They are immunologically specific and are directly involved in cell-mediated immune responses (such as transplant-related rejection) as effector cells. Although T cells do not secrete antibodies into body fluids, another class of lymphocytes to be discussed later sometimes needs these T cells to secrete these antibodies. Some T cell types play a regulatory role in other functions of the immune system. The mechanism of this cellular cooperation process is not yet fully understood.

The second class of lymphocytes (cells derived from the bone marrow, or B cells) is one that secretes an antibody. They also develop from hematopoietic stem cells, 15 but their differentiation is not determined by the thymus. In birds, they differentiate in an organ corresponding to the thymus, called the "Bursa of Fabricius." However, no similar organ has been found in mammals and it is thought that these B cells specialize in the bone marrow.

20 It has now been found that T cells are divided into several subtypes, termed "helper", "attenuator" and "killer" T cells, which have the function of promoting, attenuating the reaction or killing (dissolving) foreign cells, respectively. . These subclasses are well understood in the body of mice, but have only recently been described in the human body. See. for example, R.L. Evans, et al., Journal of Experimental Medicine, Volume 145, 221-232, 1977; and L. Chess and S.F. Schlossman - "Functional Analysis of Distinct Human T-Cell Subsets Bearing Unique Diffrentation 30 Antigens", in "Contemporary Topics in Immunobiology", O. Stutman, editor, Plenum Press, 1977, Volume 7, 363-379.

The ability to identify or attenuate T cell classes or subclasses is important for the diagnosis or treatment of various immunoregulatory diseases or conditions.

4,75233

For example, certain leukemias and bone marrow tumors have a different prognosis depending on whether they are derived from B cells or T cells. Thus, the assessment of the prognosis of the disease depends on whether the two groups of lymphocytes can be distinguished from each other. See. for example, A.C. Aisenberg and J.C. Long, The American Journal of Medicine, 58: 300 (March, 1975); D. Belpomme, et al., In "Immunological Diagnosis of Leukemias and Lympomas", S. Thierfelder, et al., Editors, Springer, Heidelberg, 10 1977, 33-45; and D. Belpomme, et al., British Journal of

Hematology, 1978, 38, 85.

Certain disease states (e.g., rheumatoid arthritis, malignancies, and agammaglobulinemia) are associated with an imbalance between T cell subclasses.

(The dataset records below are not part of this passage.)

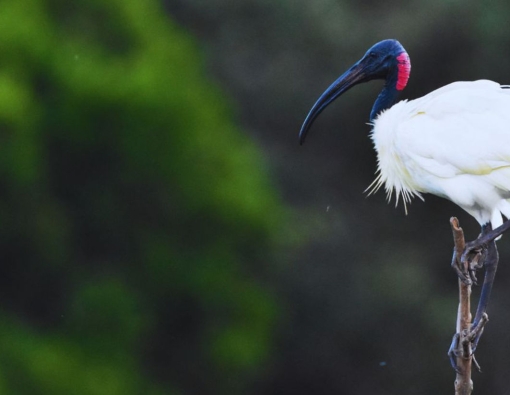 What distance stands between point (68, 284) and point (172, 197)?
1.51 m

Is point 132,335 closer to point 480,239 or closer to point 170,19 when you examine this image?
point 170,19

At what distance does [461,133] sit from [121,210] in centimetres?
936

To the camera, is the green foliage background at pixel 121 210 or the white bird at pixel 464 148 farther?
the green foliage background at pixel 121 210

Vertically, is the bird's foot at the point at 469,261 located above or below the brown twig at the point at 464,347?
above

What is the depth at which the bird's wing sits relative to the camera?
7.46m

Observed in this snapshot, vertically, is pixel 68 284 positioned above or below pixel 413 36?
below

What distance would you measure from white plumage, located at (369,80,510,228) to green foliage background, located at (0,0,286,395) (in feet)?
27.2

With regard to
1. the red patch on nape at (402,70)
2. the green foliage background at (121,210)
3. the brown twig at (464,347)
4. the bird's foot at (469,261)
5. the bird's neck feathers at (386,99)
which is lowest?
the brown twig at (464,347)

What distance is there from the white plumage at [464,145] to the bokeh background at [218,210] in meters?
8.27

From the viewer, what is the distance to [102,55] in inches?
656

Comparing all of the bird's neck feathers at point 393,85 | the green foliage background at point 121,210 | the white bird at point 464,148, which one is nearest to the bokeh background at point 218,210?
the green foliage background at point 121,210

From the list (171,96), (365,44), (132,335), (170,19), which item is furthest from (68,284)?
(365,44)

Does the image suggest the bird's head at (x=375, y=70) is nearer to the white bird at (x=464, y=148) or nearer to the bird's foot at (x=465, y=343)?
the white bird at (x=464, y=148)

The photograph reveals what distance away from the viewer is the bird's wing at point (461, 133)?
7465 millimetres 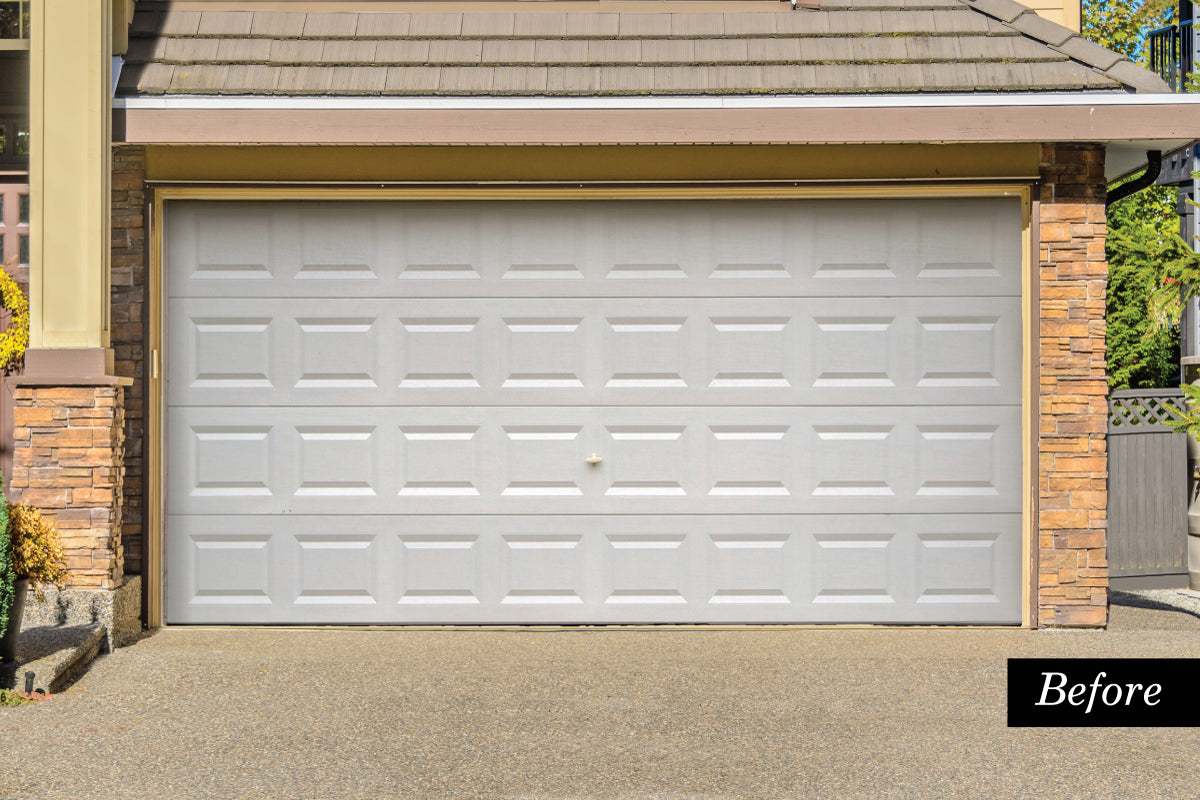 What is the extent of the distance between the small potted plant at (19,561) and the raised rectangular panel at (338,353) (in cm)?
185

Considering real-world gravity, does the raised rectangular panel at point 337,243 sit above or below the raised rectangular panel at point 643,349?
above

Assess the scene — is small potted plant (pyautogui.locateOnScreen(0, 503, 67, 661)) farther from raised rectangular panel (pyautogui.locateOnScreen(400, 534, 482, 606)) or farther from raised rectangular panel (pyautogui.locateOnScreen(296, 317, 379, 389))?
raised rectangular panel (pyautogui.locateOnScreen(400, 534, 482, 606))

15 It has been hypothesized that autoimmune diseases are generally associated with an excess of "helper" T cells or a deficiency of certain "attenuator" T cells, whereas agammaglobulinemia is associated with an excess of certain "attenuator" T cells or a "helper" T cell. lack of. Malignancies are usually associated with an excess of 20 "attenuator" T cells.

In certain forms of leukemia, too many stagnant T cells are formed. Diagnosis thus depends on the ability to detect this imbalance or excess and determine which stage of development is too much. See. for example, J. Ker-25 Sey, et al., "Surface Markers Define Human Lymphoid Malignancies with Differing Prognoses" in Hematology and Blood Transfusion, Volume 20, Springer-Verlag, 1977, 17-24 and references therein; and E.L. Reinherz, et al., J. Clin. Invest., 64, 392-397 (1979).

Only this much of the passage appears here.